(Beginning of Information)

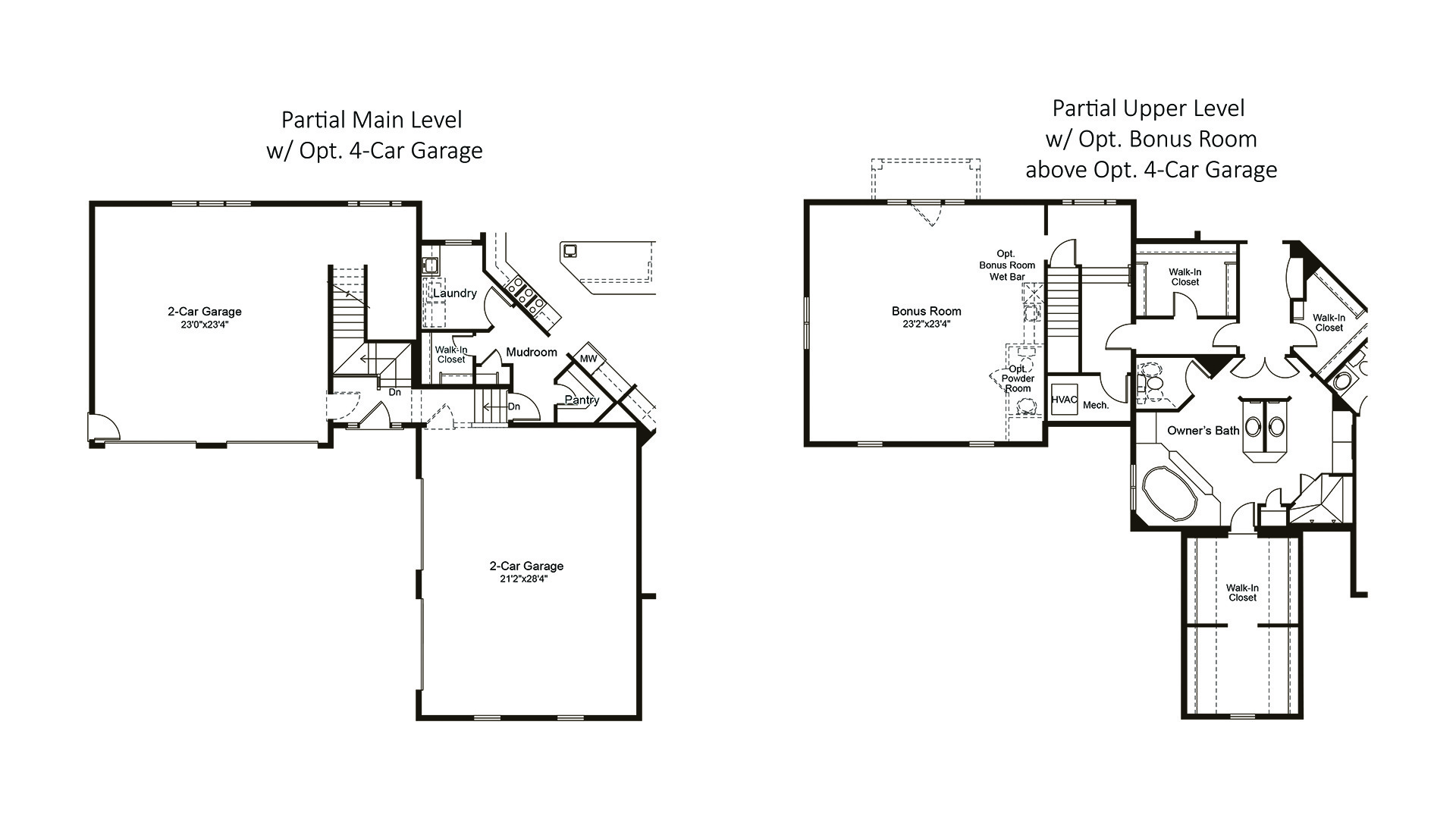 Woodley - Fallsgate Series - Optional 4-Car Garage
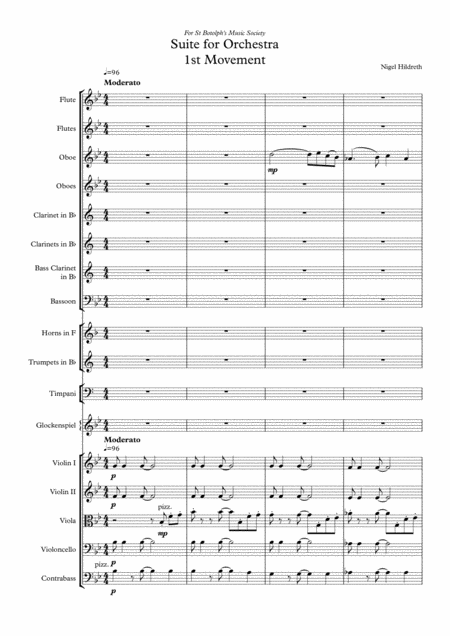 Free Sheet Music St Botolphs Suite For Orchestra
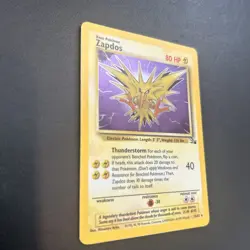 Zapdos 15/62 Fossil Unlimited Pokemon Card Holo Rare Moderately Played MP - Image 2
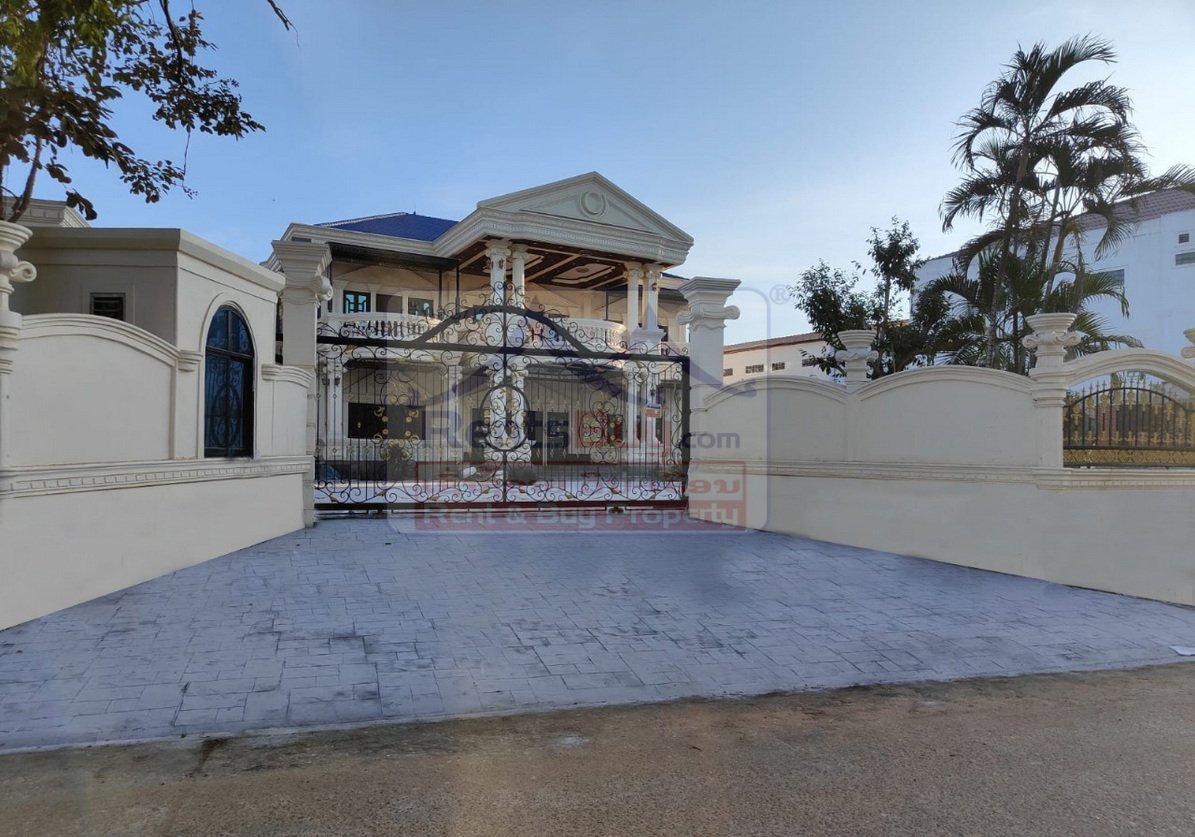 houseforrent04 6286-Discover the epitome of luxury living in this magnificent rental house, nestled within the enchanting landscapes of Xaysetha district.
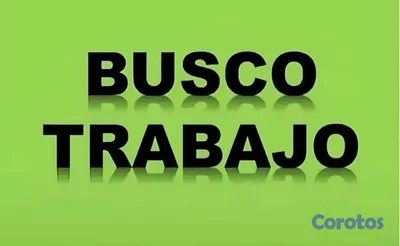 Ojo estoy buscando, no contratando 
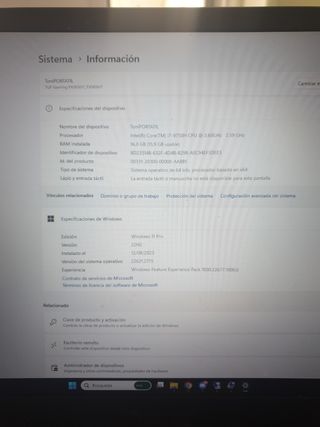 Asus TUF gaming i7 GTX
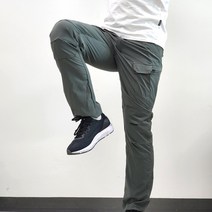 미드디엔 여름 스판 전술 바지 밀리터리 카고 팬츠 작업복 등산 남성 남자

(End of Information)
(Beginning of Information)

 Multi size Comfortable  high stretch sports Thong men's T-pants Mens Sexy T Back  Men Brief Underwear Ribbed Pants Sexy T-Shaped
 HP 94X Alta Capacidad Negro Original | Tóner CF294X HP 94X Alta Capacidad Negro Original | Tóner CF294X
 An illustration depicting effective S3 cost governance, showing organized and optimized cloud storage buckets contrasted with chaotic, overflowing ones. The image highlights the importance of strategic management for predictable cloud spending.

(End of Information)

> [Exercise objective] Using the data above, retype exactly and only the lines from the one containing "Free Sheet Music" up to and including the one containing "Zapdos 15/62 Fossil", with no pictures carried over.

> [Answer for the task]
 Free Sheet Music St Botolphs Suite For Orchestra
 Zapdos 15/62 Fossil Unlimited Pokemon Card Holo Rare Moderately Played MP - Image 2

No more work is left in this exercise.